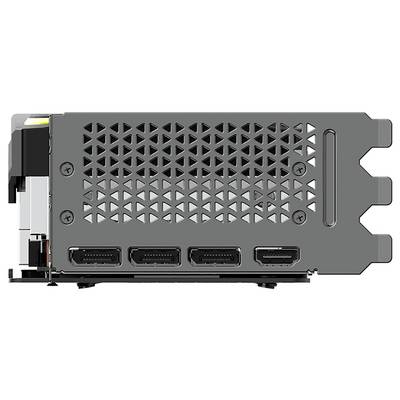 Rückseite einer Grafikkarte mit drei DisplayPorts und einem HDMI-Anschluss. Die Abdeckung hat ein Gittermuster zur Belüftung.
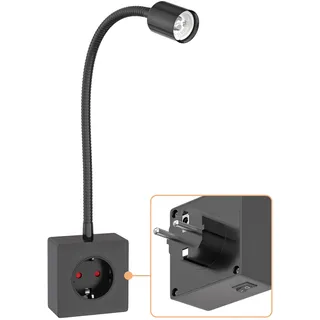 ledscom.de Steckdosenleuchte/Leselampe LESCH, Schwanenhals, Schalter, schwarz, 1x GU10 max. 10W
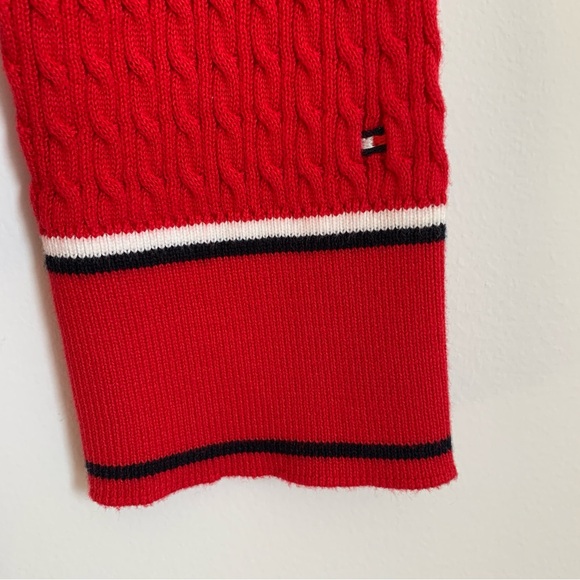 Sale! $70 Tommy Hilfiger Women's Classic Red Johnny Collar Cable Sweater Size S - Picture 7 of 9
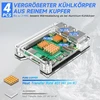 Miuzei dėklas, skirtas raspberry pi 5, rasberry pi 5 dėklas su 4 variniais radiatoriais ir 40 x 10 mm pwm ventiliatoriumi, aktyvios ir pasyvios šilumos išsklaidymo balansas, skirtas raspi 5 4gb 8gb, skaidrus akrilas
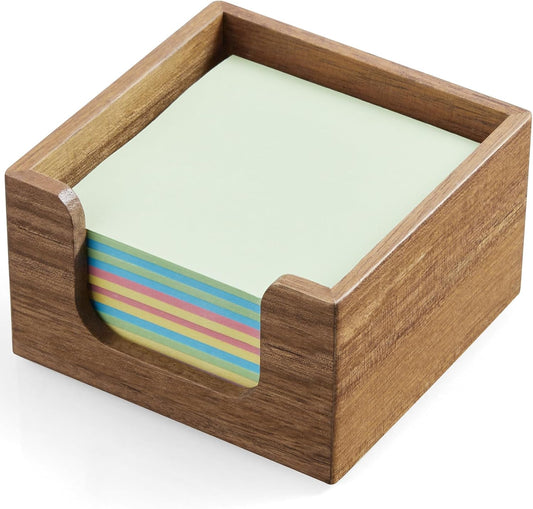 Bivvclaz Acacia Wood Sticky Note Holder, 4 x 6 Inch Notepad Holder Dispenser with Dual Openings, Self Stick Note Pad Holder, Memo Pad Holder Dispenser Organizer for School Office Desk Supplies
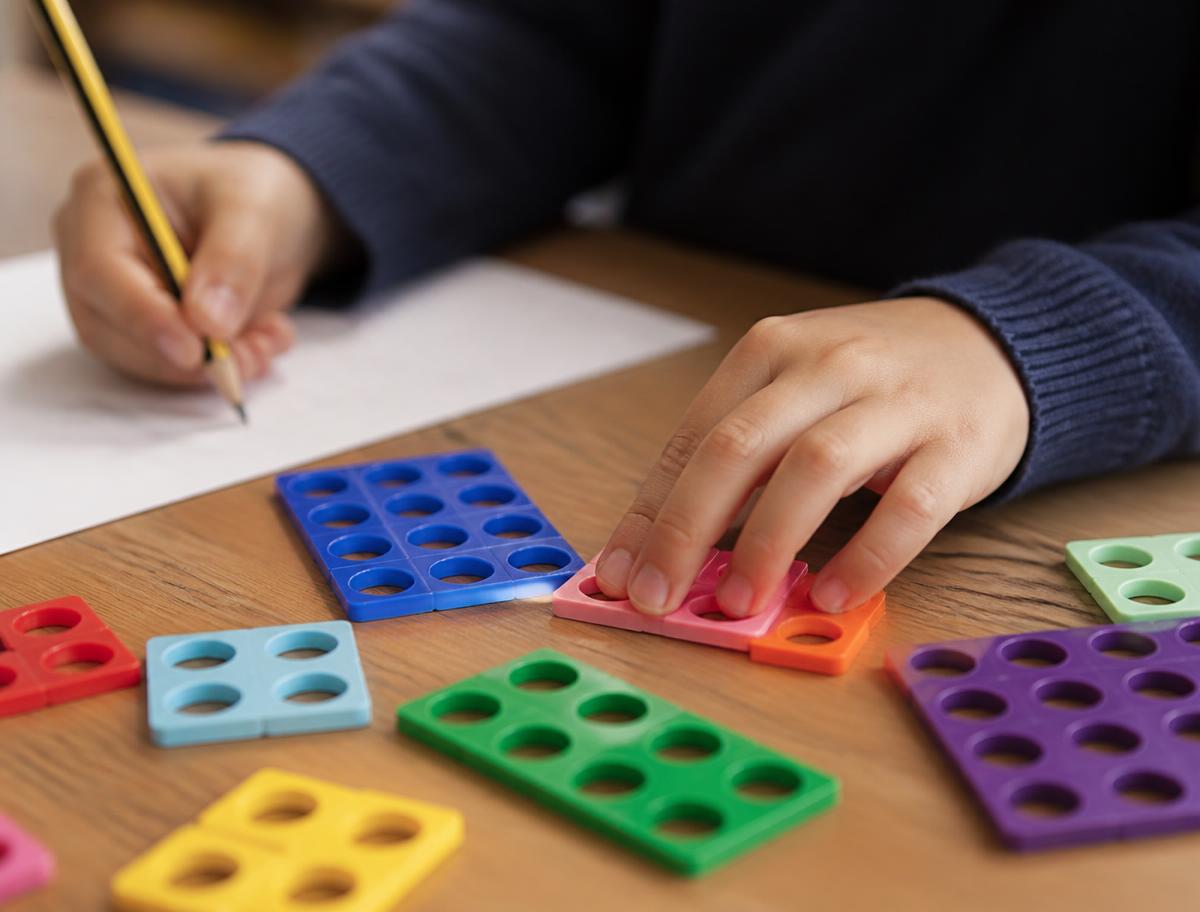 Children working on a practical maths activity with counters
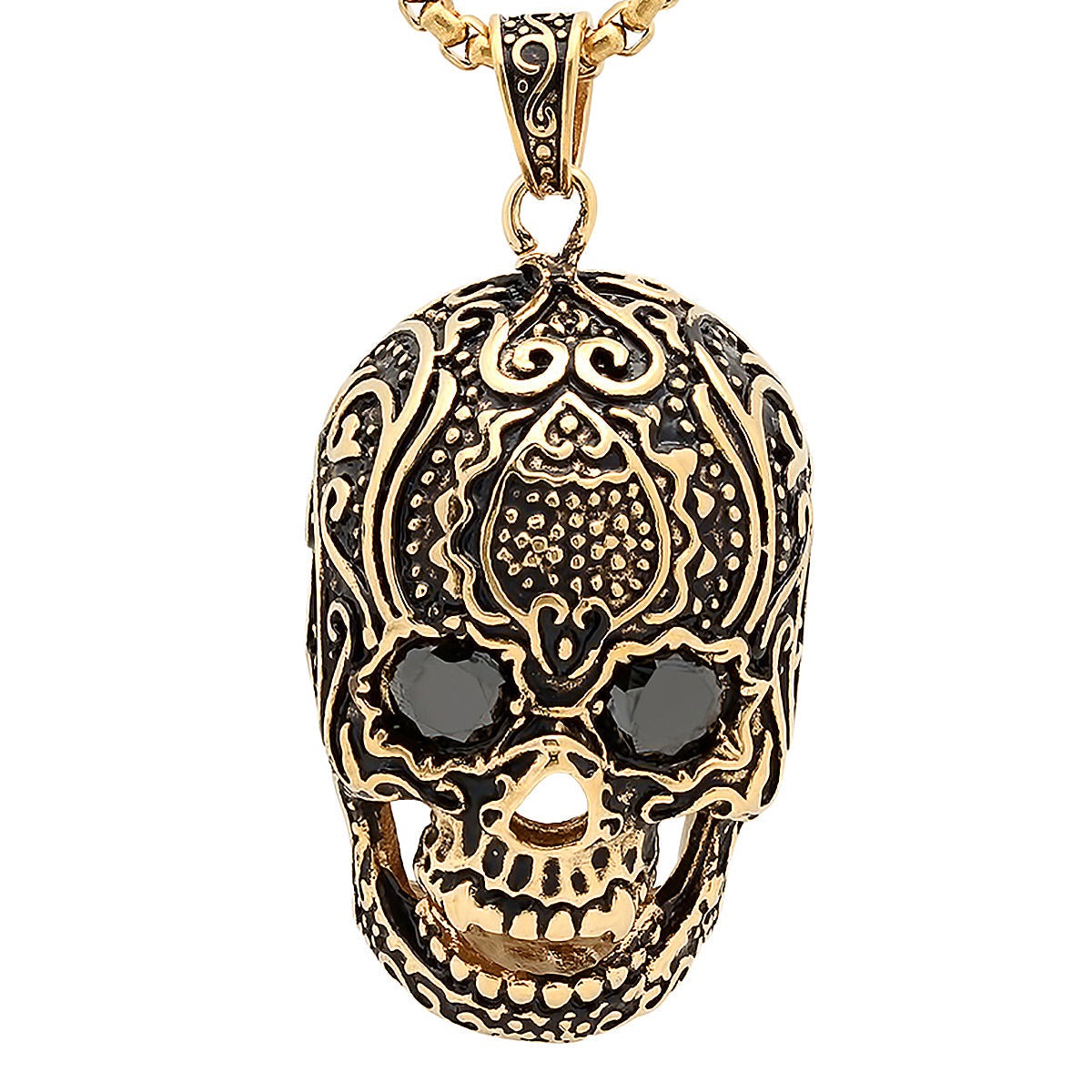 Skull Pendant with Simulated Diamonds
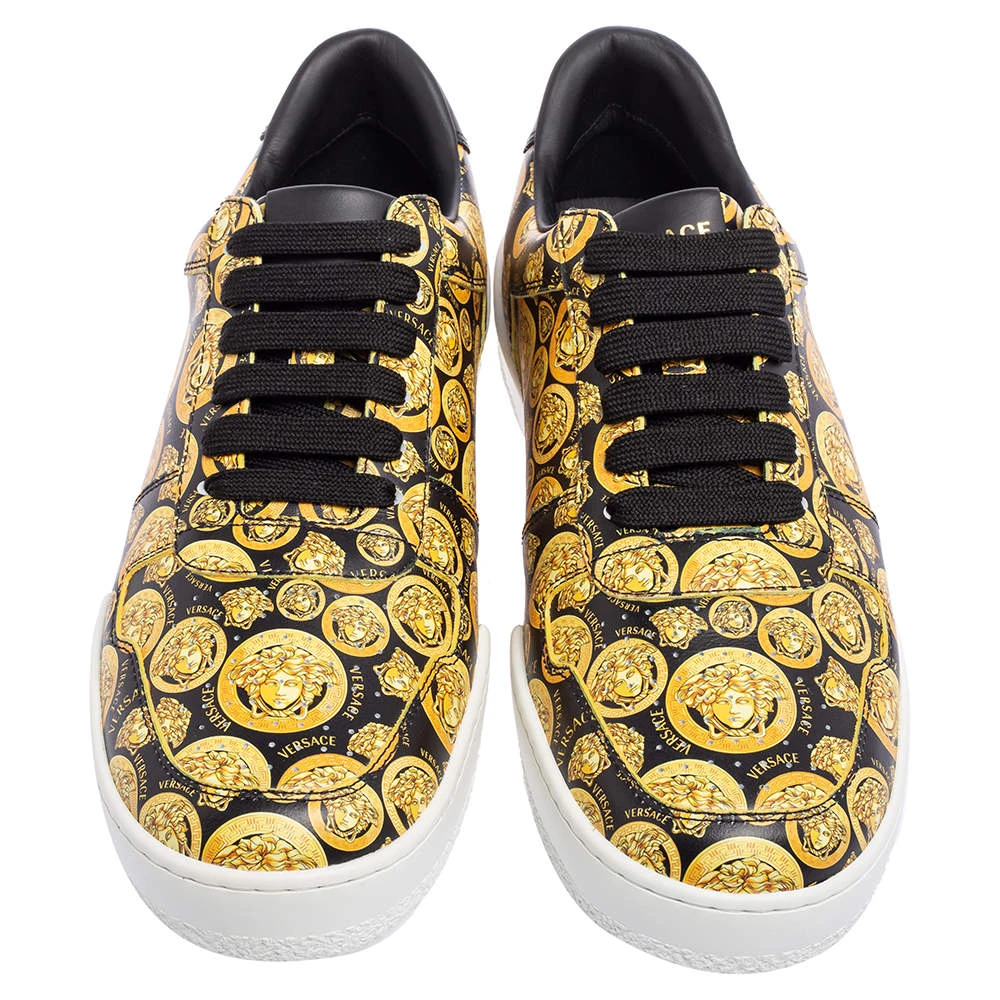 Versace Yellow/Black Leather Medusa Amplified Ilus Sneakers Size 40.5 For Women 3 Versace Yellow/Black Leather Medusa Amplified Ilus Sneakers Size 40.5 For Women - Image 3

• • •

Exercise prompt
Print everything from the line with "GU10 max. 10W" down to the line with "Skull Pendant with Simulated Diamonds" in the entries above, both lines included and nothing more, without the pictures.

Result for this exercise
 ledscom.de Steckdosenleuchte/Leselampe LESCH, Schwanenhals, Schalter, schwarz, 1x GU10 max. 10W
 Sale! $70 Tommy Hilfiger Women's Classic Red Johnny Collar Cable Sweater Size S - Picture 7 of 9
 Miuzei dėklas, skirtas raspberry pi 5, rasberry pi 5 dėklas su 4 variniais radiatoriais ir 40 x 10 mm pwm ventiliatoriumi, aktyvios ir pasyvios šilumos išsklaidymo balansas, skirtas raspi 5 4gb 8gb, skaidrus akrilas
 Bivvclaz Acacia Wood Sticky Note Holder, 4 x 6 Inch Notepad Holder Dispenser with Dual Openings, Self Stick Note Pad Holder, Memo Pad Holder Dispenser Organizer for School Office Desk Supplies
 Children working on a practical maths activity with counters
 Skull Pendant with Simulated Diamonds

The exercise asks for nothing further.